Who's looking forward tot the new IT movie? pic.twitter.com/F0BYfLdKjC
— Pennywise 2017 (@Fearemptiness) April 2, 2017
Even those who did not particularly enjoy the It miniseries, however, have to admit that it does have a few scenes that are pretty effective. We thought it would be fun to take a look back at some of these scenes in preparation for the new film that has brought Stephen King back into the mainstream. Since seven is referenced as a lucky number throughout Stephen King’s bibliography and since there are seven members of King’s Losers’ Club (the name given to the main group of protagonists), let’s count down the top seven.

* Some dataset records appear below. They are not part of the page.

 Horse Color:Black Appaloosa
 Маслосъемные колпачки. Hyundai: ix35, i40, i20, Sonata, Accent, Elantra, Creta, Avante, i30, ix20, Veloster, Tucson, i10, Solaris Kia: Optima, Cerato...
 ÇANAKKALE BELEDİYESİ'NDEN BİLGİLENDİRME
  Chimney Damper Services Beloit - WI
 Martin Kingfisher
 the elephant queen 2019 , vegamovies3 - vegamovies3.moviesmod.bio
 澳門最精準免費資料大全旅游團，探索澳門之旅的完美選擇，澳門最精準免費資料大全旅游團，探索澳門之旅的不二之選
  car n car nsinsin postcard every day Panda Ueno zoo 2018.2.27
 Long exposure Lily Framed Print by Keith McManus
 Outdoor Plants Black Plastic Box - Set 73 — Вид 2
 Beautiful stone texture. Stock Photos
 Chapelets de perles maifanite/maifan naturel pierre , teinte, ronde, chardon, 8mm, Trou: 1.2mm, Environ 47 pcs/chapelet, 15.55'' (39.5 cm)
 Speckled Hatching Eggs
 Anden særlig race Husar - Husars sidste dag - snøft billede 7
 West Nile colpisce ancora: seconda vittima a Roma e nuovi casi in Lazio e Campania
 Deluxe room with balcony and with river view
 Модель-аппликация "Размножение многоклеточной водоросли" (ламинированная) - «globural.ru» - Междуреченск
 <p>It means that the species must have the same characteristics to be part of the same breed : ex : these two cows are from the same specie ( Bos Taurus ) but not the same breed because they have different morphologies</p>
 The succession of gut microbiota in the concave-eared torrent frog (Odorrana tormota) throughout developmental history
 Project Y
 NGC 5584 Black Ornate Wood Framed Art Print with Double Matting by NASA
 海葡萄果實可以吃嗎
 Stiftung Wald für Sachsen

Also, we will not include the scene where Georgie meets Pennywise in the storm drain because it’s just unfair to the other scenes. It’s like putting Barry Bonds in a little league game. Anyway, on with the list.
- “Mrs. Kersh”
This scene occurs during the latter half of the miniseries when Beverly Marsh returns to the house where she grew up. She finds it is now inhabited by a kindly old lady named Mrs. Kersh, who treats Beverly to tea. Like in Stephen King’s work, though, the scene does a great job of giving the audience the feeling something is very wrong before anything really hits the fan. Sure enough, Mrs. Kersh gradually turns into a horrible crone, the tea Beverly is about to drink becomes blood, and the scene ends with Pennywise itself taking Mrs. Kersh’s place. Believe it or not, Stephen King does an even better job of making this scene terrifying in his novel, but the televised version is extremely creepy too.
2. Laurie-Anne’s Death
This is the opening scene of the miniseries and the only scene on this list that does not appear in Stephen King’s novel. It opens with a little girl on a tricycle singing “The Itsy-Bitsy Spider,” which is an awesome foreshadowing of the spider and the storm drains that will play large parts later in the story. It doesn’t take long for Pennywise to show his face and abduct the little girl in one of the few actions that would make the villain appear genuinely threatening like he did in Stephen King’s original. The film certainly puts its best foot forward to kick off its roughly three-hour runtime, as the scene immediately establishes a creepy and Stephen King-esque tone.
3. Richie in the Library
This may be the most famous scene from the film other than Georgie’s encounter with Pennywise because it allows Tim Curry to do so much. We are talking about the scene where an adult Richie Tozier returns to the Derry Library and sees Pennywise, along with a bunch of blood-filled balloons that burst on unknowing library patrons. Sure, in Stephen King’s book, it was Ben Hanscomb and Mike Hanlon, not Richie, who return to the library as adults. Sure, the acting by the extras in the library is fairly awful — you can see them flinching when the balloons that supposedly only Richie can see or hear a pop in front of their faces. Still, the insanity of Curry’s performance and Stephen King’s haunting idea that Richie is the only one who knows this chaotic horror is going on make the scene extremely memorable.
4. Fortune Cookies
Like in Stephen King’s envisioning, the Losers reunite at a Chinese food restaurant called Jade of the Orient when they return to Derry as adults. Also, like in King’s work, the fortune cookies they get at the end of their meals burst open and each reveals a different horror inside. The scene is a highly effective gross-out scare on Stephen King’s part, as thinking about what might have happened if the Losers had bitten into their cookies will give even the most hardened Stephen King fans a chill. The scene is made even scarier when it is demonstrated that, like in the library scene described above and the bloody sink scene described below, the Losers are the only ones who can see what is going on. The musical score played during the scene does a good job of amping up the tension Stephen King created, too.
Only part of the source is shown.